Auden's title was "A Knight of Doleful Countenance." There is something quixotic about the Corsair Affair. Also, the New Yorker cartoon on this page is perfect: open-faced, kindly housewife, answering balding, bespectacled door-to-door pollster, "Goodness, I don't know! Who do you like?" Kierkegaard, author of Judge For Yourself!, would have said the lady does not suit the Spirit of the Age.

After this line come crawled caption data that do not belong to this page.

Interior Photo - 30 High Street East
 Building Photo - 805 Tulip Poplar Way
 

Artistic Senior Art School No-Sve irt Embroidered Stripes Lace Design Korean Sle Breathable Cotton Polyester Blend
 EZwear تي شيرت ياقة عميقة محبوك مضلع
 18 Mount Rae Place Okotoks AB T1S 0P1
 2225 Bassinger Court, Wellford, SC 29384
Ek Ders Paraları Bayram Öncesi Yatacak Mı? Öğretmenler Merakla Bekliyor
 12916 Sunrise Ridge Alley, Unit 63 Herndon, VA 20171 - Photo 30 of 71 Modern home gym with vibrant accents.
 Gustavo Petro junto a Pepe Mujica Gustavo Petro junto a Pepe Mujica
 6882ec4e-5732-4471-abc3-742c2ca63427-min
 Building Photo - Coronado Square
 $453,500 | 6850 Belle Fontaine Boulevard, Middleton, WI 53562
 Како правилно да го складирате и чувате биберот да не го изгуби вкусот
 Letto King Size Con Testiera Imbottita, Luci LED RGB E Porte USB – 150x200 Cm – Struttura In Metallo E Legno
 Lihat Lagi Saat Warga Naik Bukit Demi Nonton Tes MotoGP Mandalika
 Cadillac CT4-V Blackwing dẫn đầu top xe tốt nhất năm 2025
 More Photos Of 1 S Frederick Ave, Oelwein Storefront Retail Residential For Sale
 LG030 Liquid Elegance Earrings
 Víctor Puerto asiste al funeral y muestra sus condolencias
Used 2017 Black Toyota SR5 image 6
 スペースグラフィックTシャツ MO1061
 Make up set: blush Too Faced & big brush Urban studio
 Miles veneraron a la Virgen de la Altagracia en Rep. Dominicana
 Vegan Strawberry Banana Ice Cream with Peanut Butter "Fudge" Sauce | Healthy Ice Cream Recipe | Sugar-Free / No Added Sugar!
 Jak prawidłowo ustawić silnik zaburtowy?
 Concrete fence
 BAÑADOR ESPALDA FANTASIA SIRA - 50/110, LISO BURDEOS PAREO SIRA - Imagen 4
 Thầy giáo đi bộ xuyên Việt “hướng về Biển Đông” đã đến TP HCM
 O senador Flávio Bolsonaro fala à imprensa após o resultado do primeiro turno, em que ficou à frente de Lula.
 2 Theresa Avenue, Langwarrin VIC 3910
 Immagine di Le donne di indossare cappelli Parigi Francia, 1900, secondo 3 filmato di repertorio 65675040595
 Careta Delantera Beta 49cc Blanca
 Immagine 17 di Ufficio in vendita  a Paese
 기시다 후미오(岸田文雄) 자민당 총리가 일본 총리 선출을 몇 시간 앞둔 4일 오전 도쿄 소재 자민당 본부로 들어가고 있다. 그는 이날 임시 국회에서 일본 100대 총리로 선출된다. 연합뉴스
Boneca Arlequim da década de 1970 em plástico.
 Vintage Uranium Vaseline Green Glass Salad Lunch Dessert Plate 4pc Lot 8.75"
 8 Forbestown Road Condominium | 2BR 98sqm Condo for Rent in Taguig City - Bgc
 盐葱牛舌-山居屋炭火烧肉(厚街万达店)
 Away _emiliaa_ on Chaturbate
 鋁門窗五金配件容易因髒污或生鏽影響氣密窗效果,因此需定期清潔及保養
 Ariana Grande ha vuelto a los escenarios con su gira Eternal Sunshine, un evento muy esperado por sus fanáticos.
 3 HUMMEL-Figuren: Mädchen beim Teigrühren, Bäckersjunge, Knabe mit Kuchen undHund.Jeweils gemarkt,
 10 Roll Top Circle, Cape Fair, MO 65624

The volume Auden lacked, The Corsair Affair, finally appeared in 1982. The editors' introduction boasts phrases you can really sink your sense of wonder into, such as "with little chance of getting an appointment in Denmark because of his Grundvigianism…" Footnoted bits like the following would have told Auden most of what he wanted to know about this small-town stew of passion, pedantry, and pseudonymity:
On January 16 [1846] appeared the first of the pieces identifying in a doubly brutal way Frater Taciturnus [pseudonymous author of the third section of Stages On Life's Way] with Crazy Nathanson, a well-known Copenhagen character. Victor Eremita [pseudonymous editor of Either/Or] and Frater Taciturnus are directly declared insane. On January 23 began the numerous references to and caricatures of Kierkegaard's external appearance, particularly his legs and trousers. (Hong and Hong xxi)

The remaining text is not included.